I’ve mentioned Artemis before, but for those of you who don’t know, Artemis is a “spaceship bridge simulator” in the vein of Star Trek. It’s played with at least 6 people, and each person has a distinct job to do at their console. I had played it at a friend’s house previously, but seeing as they live on the opposite side of town I was itching to get my own setup.

And what a setup it is. Each bridge position has its own console, which translates to each person needing their own computer or tablet, plus a computer to hook up to a TV for the main screen and server. The game itself also costs more than I tend to spend on games, let alone ones that don’t have a significant single-player component.
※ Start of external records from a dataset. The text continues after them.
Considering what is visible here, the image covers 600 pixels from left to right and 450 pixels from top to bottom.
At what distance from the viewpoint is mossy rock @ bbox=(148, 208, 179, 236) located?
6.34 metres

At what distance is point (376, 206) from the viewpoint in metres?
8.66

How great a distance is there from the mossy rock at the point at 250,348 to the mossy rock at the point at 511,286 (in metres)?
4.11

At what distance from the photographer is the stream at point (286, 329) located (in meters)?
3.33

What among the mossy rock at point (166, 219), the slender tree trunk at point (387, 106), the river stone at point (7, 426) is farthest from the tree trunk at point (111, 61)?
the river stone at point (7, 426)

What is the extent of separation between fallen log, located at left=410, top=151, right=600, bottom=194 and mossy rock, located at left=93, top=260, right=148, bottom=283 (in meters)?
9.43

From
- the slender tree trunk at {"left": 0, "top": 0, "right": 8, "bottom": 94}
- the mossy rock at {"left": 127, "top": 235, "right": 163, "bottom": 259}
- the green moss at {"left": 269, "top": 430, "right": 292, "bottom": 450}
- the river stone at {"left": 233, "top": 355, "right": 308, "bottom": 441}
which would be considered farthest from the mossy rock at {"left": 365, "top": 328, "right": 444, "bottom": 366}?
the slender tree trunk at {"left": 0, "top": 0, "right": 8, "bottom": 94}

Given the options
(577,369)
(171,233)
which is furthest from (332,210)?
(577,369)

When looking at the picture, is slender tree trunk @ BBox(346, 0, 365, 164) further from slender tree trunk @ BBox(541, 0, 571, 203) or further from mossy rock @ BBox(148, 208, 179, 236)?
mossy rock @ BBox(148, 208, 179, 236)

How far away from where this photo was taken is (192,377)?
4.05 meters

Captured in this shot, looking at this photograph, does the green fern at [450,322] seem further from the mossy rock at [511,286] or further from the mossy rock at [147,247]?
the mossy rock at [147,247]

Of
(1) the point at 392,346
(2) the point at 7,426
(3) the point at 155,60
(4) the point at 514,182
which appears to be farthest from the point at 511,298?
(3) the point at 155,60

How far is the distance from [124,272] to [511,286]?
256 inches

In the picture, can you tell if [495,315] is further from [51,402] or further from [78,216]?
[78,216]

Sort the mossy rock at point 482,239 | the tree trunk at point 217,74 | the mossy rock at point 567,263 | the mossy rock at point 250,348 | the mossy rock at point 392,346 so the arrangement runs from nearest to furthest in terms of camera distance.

So where does one get six computers? Well, believe it or not I actually don’t have enough lying around at home (that can run the game; there are a handful of older laptops still in my office). So I put the call out to my friends, and asked those that were interested to bring a suitable platform to participate.

I’ll admit, I was nervous. Because of its multiplayer nature, Artemis requires buy-in (at least participatory, not necessarily financially) from a number of people. And as with any new experience, you never know quite how it’s going to go over with any group of people. Plus there’s quite a setup: the program has to be installed on each computer, the server needs to be hooked up to the television, and everyone needs to be in the same place at the same time. Not a small task in these busy days. Plus, one of the computers I was bringing was an older desktop, which isn’t exactly the most portable.
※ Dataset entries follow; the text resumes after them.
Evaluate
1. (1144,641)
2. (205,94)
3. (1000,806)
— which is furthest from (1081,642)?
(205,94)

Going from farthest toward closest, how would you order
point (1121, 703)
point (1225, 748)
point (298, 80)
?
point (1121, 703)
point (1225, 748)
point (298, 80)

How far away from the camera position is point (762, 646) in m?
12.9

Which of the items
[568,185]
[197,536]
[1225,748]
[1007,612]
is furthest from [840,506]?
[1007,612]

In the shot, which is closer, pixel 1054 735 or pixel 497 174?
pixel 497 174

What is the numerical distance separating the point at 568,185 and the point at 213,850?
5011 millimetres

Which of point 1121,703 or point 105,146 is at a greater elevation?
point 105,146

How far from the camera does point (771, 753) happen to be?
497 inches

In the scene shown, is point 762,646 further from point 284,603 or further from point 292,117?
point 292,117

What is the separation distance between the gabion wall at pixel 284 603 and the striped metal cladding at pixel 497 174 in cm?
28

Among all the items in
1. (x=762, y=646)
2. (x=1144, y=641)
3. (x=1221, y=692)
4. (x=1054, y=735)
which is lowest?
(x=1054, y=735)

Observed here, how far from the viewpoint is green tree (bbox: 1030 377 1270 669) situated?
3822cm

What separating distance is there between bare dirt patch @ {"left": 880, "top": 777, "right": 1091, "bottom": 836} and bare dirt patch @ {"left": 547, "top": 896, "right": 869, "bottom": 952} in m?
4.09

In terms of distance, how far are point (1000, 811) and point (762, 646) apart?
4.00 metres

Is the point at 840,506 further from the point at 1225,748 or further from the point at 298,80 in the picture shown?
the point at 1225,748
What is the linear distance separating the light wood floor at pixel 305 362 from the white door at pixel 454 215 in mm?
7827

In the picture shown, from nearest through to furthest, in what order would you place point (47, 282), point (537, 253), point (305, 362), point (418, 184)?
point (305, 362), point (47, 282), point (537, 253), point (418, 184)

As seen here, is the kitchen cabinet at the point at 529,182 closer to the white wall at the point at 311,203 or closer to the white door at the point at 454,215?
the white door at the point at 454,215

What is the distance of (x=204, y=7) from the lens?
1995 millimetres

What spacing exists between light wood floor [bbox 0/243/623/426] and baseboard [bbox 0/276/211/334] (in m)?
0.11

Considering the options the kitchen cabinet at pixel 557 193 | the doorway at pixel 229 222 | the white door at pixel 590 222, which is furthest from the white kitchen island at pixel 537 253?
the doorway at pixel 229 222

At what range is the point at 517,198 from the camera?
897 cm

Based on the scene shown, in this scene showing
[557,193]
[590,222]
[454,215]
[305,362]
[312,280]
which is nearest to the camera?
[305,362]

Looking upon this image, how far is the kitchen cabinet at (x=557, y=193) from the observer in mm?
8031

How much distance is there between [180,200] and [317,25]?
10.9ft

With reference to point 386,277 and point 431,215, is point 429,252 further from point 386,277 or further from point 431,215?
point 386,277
But it went off great. We had enough people interested that we could swap around console positions, and even managed to keep the observers entertained. I also got to try my hand at most of the positions, even captain (turns out being the one with very little experience is better than having no experience). And where my first experience with Artemis was a little crowded and confusing (there were two ship’s worth of people in a relatively small area), this group was a little easier to follow. And while we occasionally trended more towards Galaxy Quest that Star Trek (turns out you need to dive further under mines than I did during my first turn as Helm), it was still pretty awesome.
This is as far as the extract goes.